Since then, OPEC’s influence has reduced as alternative sources of supply have been discovered, not least in the US which is now the world’s top global producer of crude oil.

OPEC still matters though. The cartel found this out to its cost in November 2014 when a failure to cut output against a backdrop of rising supply contributed to a big slump in oil prices.

In recent years it has earned the nomenclature OPEC+, with the plus denoting affiliates such as Russia. The latter, despite the war in Ukraine, has not been excluded from OPEC’s decision making.

The dominant player is Saudi Arabia because it is the largest individual producer in OPEC and, on paper at least, has the most amount of spare capacity for oil production.

The cartel is at a decision point and in August it will have rolled back the final lot of cuts introduced to help support the market when the Covid-19 pandemic hit demand.

The question of just how much more oil OPEC can pump is a live one. In May OPEC’s production fell rather than rose despite the quota for its members being increased.
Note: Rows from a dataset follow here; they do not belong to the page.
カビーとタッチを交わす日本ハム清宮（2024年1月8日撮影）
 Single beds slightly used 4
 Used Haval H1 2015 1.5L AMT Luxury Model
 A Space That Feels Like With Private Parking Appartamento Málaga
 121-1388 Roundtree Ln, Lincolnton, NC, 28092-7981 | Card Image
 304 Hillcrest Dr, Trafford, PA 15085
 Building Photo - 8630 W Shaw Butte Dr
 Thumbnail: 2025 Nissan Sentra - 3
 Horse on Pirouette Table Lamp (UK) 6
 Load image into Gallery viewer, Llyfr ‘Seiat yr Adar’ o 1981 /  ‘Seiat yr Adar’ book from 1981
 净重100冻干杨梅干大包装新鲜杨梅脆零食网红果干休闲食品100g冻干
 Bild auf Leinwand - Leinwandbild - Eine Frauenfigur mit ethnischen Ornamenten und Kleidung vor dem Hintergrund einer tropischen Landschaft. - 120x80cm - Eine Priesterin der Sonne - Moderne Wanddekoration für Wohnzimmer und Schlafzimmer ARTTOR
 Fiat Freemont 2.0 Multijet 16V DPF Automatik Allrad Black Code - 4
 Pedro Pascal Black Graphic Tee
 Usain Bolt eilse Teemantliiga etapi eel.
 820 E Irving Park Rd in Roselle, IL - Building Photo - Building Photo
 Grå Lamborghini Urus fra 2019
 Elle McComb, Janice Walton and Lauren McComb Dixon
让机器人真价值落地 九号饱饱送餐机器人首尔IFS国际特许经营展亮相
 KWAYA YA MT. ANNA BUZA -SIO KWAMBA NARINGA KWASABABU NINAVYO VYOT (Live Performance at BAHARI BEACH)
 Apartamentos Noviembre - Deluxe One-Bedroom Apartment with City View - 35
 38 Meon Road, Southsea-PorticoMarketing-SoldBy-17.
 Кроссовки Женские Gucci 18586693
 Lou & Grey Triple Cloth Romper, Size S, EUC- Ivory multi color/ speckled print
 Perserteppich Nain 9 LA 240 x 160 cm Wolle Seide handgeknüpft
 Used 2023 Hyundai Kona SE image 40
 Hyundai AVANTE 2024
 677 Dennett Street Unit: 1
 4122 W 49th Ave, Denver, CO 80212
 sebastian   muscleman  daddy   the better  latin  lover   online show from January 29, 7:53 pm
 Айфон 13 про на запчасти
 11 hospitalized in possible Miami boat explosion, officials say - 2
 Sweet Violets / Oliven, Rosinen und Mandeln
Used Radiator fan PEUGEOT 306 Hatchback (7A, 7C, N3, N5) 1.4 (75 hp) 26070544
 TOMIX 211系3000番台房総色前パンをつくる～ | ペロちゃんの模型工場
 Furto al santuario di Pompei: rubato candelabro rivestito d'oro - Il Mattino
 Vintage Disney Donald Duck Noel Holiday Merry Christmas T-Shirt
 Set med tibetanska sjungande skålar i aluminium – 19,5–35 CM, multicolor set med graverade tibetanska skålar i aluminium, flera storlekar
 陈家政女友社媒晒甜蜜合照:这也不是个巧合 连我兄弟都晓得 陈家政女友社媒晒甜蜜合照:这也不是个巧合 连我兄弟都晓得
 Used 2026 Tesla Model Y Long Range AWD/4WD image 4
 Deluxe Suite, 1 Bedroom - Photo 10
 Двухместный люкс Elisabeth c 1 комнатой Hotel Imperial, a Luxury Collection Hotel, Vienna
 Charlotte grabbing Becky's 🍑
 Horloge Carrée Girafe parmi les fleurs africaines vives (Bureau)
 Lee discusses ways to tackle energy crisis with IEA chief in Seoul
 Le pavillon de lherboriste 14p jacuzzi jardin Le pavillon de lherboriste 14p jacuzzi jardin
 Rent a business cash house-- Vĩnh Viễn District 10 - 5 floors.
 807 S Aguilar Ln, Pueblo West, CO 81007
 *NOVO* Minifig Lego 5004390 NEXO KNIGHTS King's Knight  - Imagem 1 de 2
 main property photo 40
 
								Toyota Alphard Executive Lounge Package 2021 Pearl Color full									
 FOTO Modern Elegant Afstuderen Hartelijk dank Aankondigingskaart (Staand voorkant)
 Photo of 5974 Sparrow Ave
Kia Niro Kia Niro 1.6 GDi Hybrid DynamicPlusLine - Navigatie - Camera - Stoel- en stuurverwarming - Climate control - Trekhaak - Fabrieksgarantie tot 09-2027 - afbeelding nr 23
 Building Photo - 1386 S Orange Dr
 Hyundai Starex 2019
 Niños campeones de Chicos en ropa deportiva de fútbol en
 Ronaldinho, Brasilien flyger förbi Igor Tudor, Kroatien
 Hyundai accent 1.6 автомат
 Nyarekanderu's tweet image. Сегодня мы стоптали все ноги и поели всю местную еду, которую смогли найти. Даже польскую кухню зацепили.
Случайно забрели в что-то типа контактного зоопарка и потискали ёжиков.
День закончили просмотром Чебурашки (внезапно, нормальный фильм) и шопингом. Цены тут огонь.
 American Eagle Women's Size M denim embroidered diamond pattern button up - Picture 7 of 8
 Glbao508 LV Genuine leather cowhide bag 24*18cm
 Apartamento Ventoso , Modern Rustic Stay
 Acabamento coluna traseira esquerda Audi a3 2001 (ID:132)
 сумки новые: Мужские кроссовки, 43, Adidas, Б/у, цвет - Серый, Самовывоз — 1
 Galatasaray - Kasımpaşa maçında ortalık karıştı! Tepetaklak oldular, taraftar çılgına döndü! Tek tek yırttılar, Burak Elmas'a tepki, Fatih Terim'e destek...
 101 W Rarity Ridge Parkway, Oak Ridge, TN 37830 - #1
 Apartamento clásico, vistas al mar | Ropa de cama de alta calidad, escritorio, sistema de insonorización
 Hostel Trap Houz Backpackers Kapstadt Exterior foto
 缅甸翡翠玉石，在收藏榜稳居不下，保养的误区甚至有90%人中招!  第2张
The Saudis got their production up by 60,000 barrels of oil per day, but this was offset by lower levels from the likes of Libya and Nigeria.

There is very little transparency on Saudi Arabia’s oil reserves, although the US-based International Energy Agency believes Saudi Arabia and the United Arab Emirates have 2.2 million barrels of oil per day spare on top of what’s already factored in from the removal of quotas.

However, even assuming the ability to increase output is there, the will might not be. This is a finely balanced decision for OPEC.

Oil prices at current levels are already forcing countries to look at their long-term energy strategies and are creating an incentive to accelerate investment in alternatives. The inflationary pressures associated with high energy prices could also tip the global economy over the edge and lead to reduced demand for crude.

However, what if OPEC increases output and the world experiences a pronounced downturn regardless? Then it will be boosting supply just as economic activity and demand is in retreat. Moving production closer to its capacity will also diminish its ability to affect the market in a meaningful way in the future.

Whatever OPEC decides it could have significant ramifications for the economy and markets across the globe. This underscores the reality that OPEC remains relevant in 2022, just as it was 50 years ago.